* _Exercise_:
Pictures should be left out while the data beneath this task is written out word for word.

* _Input data_:
####

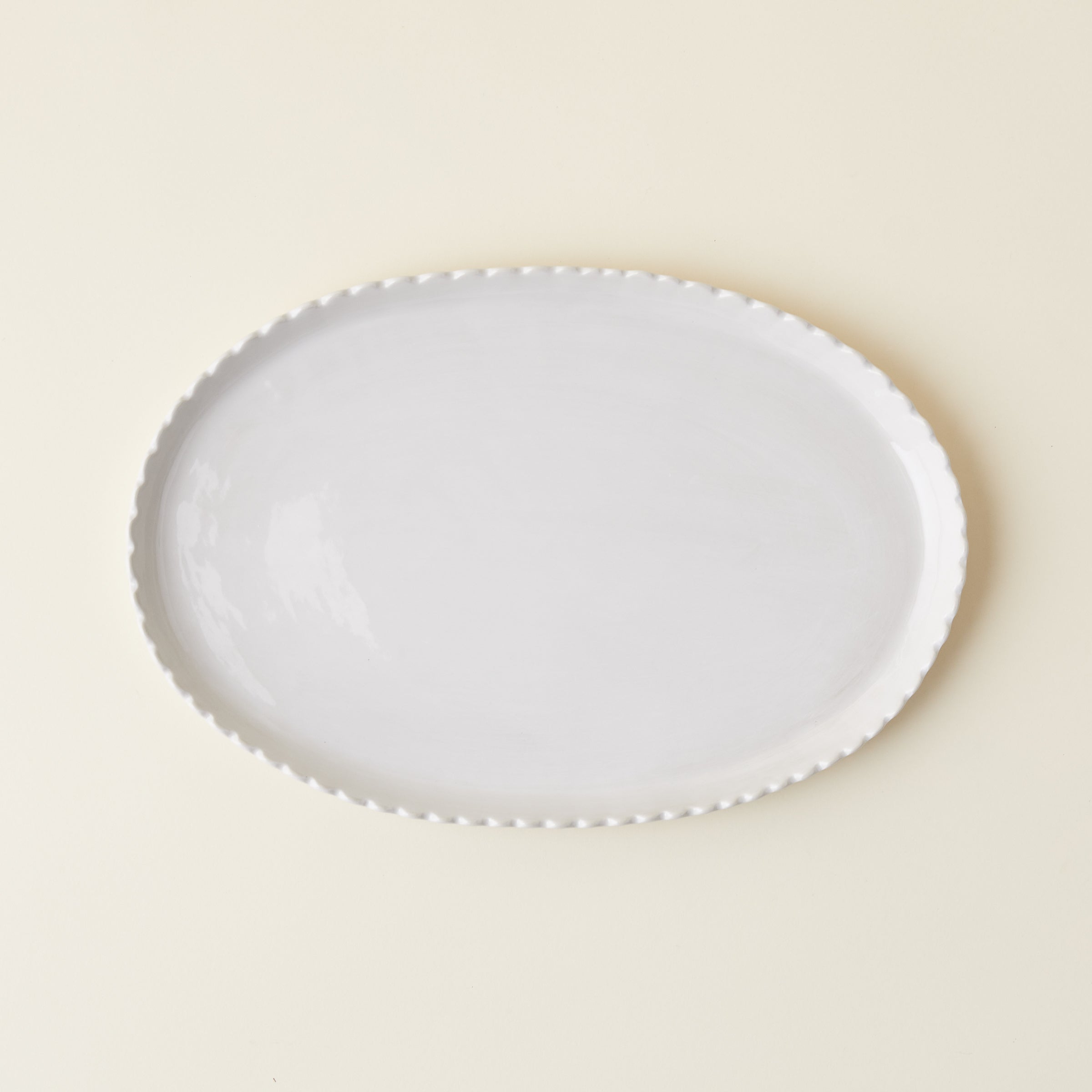 Scalloped Oval Platter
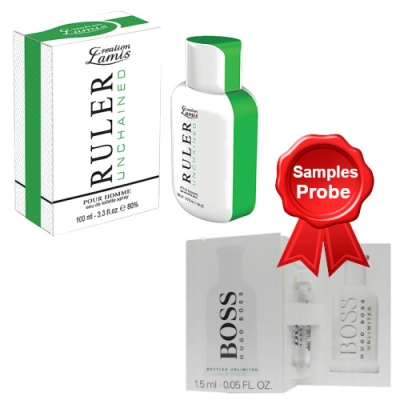 Lamis Ruler Unchained 100 ml + echantillon Hugo Boss Bottled Unlimited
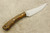 LT Wright Knives Small Swoop - Bocote Handle - Matte Finish / FREE Black Liners - 4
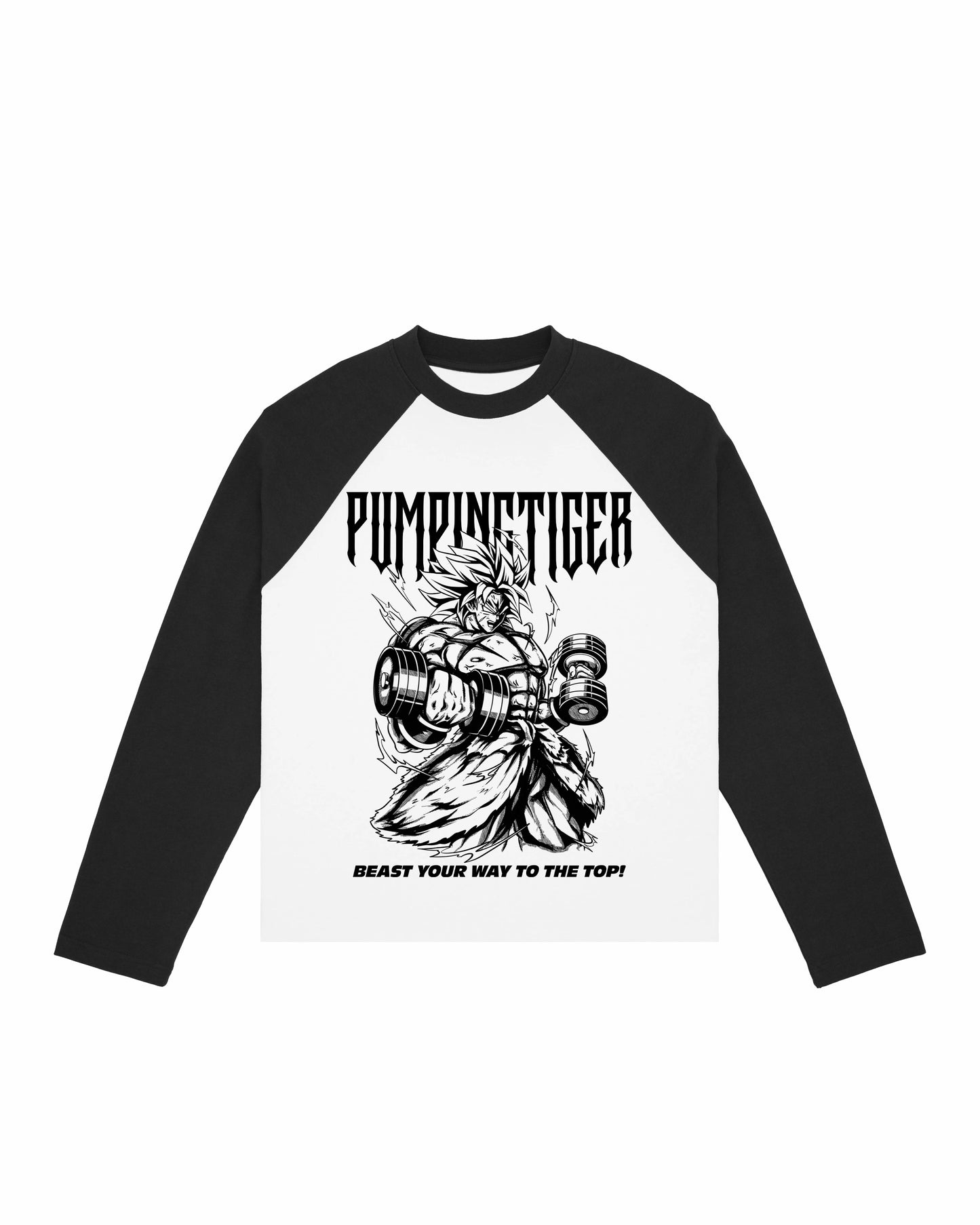 PUMPINGTIGER X DRAGON BALL Z BROLY Raglan T-shirt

####

* _Response area_:
 Scalloped Oval Platter
 Lamis Ruler Unchained 100 ml + echantillon Hugo Boss Bottled Unlimited
 LT Wright Knives Small Swoop - Bocote Handle - Matte Finish / FREE Black Liners - 4
 PUMPINGTIGER X DRAGON BALL Z BROLY Raglan T-shirt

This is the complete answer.